An extreme case of methodically unreflected judgements in articles on the "State of the Problem" is Herwig Birg's article on "Migration." The author ascertains here, among other things: "The degree of immigration to Germany is so high that because of it serious problems result especially in integrating immigrants without simultaneously reducing the problems in the country of origin."(II,693) Birg places side by side and qualifies "the very high rate of criminality in certain groups of foreigners, which is far greater than its corresponding proportion within the population," and the "violent criminality of certain groups against foreigners" (II,695) and promotes in what one can hardly call a subtle way the fear of cultural foreign infiltration. The article reveals nowhere that, for the ethical assessment of migration phenomena, individual claims, individual rights and priciples of justice could have relevance; Birg judges exclusively in the frame of an ethnical collectivism. To find such kind of text in a lexicon which wants to offer something to ethical refection is somewhat disconcerting.

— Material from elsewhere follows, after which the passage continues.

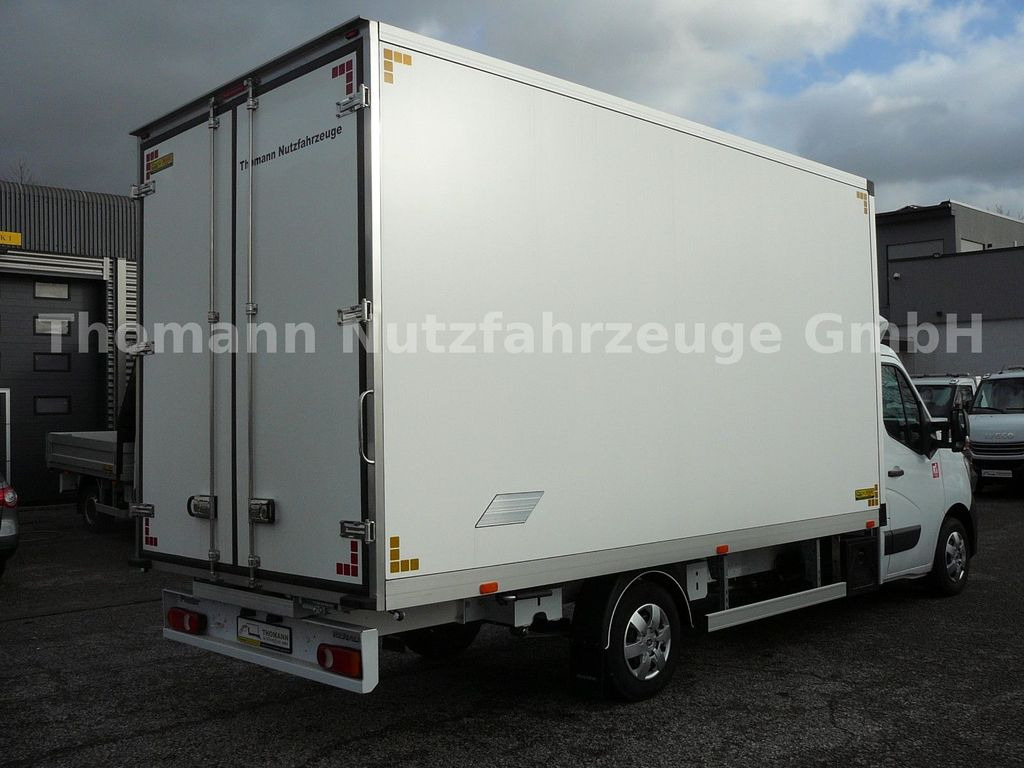 Renault Master RED Koffer Türen Premium Aktivsitz - شاحنة مغلقة الصندوق: صورة 4 Renault Master RED Koffer Türen Premium Aktivsitz - شاحنة مغلقة الصندوق: صورة 4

This sort of political-ideological faux pas is admittedly not typical for the LdB. On many topics from "Ederly/Growing Older" and "Species Protection" to "Civilization Sicknesses" and "Compulsory Treatment", the LdB offers serious and helpful information. However, one cannot speak of a constant academic level within the entries. At several points one regrets that competent authors such as Bettina Schöne-Seifert or Dieter Birnbacher are lacking. Perhaps the editors thought they had to pay that price here in order to keep a unity in terms of worldview within the LdB. Thus one notices in some articles an exaggerated carefulness among authors who, in terms of the topic, do not belong to the inner circle of proven experts (see, for example, the articles on "Emancipation" or "Consensus Building"). In the ethical entries a choice between conflicting rights is sometimes in an all too general way demanded without having discussed enough and clarified enough the conflicting arguments and value options so that the outcome of the ethical orientation remains minor; that goes for example for the ethical articles on issues of atomic energy.

Some of the LdB's entries are not only weak but qualitatively unacceptable. This is true for the article on "Business Ethics" (III, 766-778), in which one learns literally nothing of the current discussion in business ethics within its twelve pages, but has the chance to learn all the more about the personal preferences of the author, Wolfgang Kluxen (who unfortunately contributed another five entries to the LdB). Even if one did not want to or could not win over Peter Ulrich, Horst Steinmann, Karl Homann, Margit Osterloh or Ursula Hansen for a contribution, there should have been some authors within the spectrum of Catholic opinions who could have written more competently about business ethics - one just has to think of Friedhelm Hengsbach.


Zum AnfangConclusion

Although in many areas there is useful and current information in comparison to the Lexikon Medizin, Ethik, Recht, the LdB is only a somewhat helpful tool for orientation in bioethical controversies because of its conceptual weaknesses, the fluctuating academic quality of the entries and the limited validity, in terms of worldview, of some ethical judgements. A work equal to the "Encyclopedia of Bioethics" in the German language is still, therefore, not in sight.


Lexikon der Bioethik, as commissioned by the Görres-Gesellschaft, is edited by Wilhelm Korff, Lutwin Beck and Paul Mikat. Gütersloh, Gütersloher Verlagshaus 1998.




Notes

1 [Translator's note: Within this article, all citations from the LdB have been translated by the translator of this article, not by the authors of the LdB, nor by Micha H. Werner. EMZ]

2 Eser, Albin, Markus von Lutterotti and Paul Sporken 1989 (Eds.), Lexikon Medizin, Ethik, Recht. Freiburg/Basel/Wien: Herder.

3 The most important naturally being Reich, Warren Th. 1995 (Ed.) Encyclopedia of Bioethics. New York: Simon & Schuster Macmillan.

4 In contrast to the article "Information/Duty to inform" in the "Lexikon Medizin, Ethik, Recht."

5 as for example Bettina Schöne-Seifert excellently demonstrated in the following: Schöne-Seifert, Bettina 1996, Medizinethik, in: Angewandte Ethik: Die Bereichsethiken und ihre theoretische Fundierung, edited by Julian Nida-Rümelin, Stuttgart: Alfred Kröner, 550-648.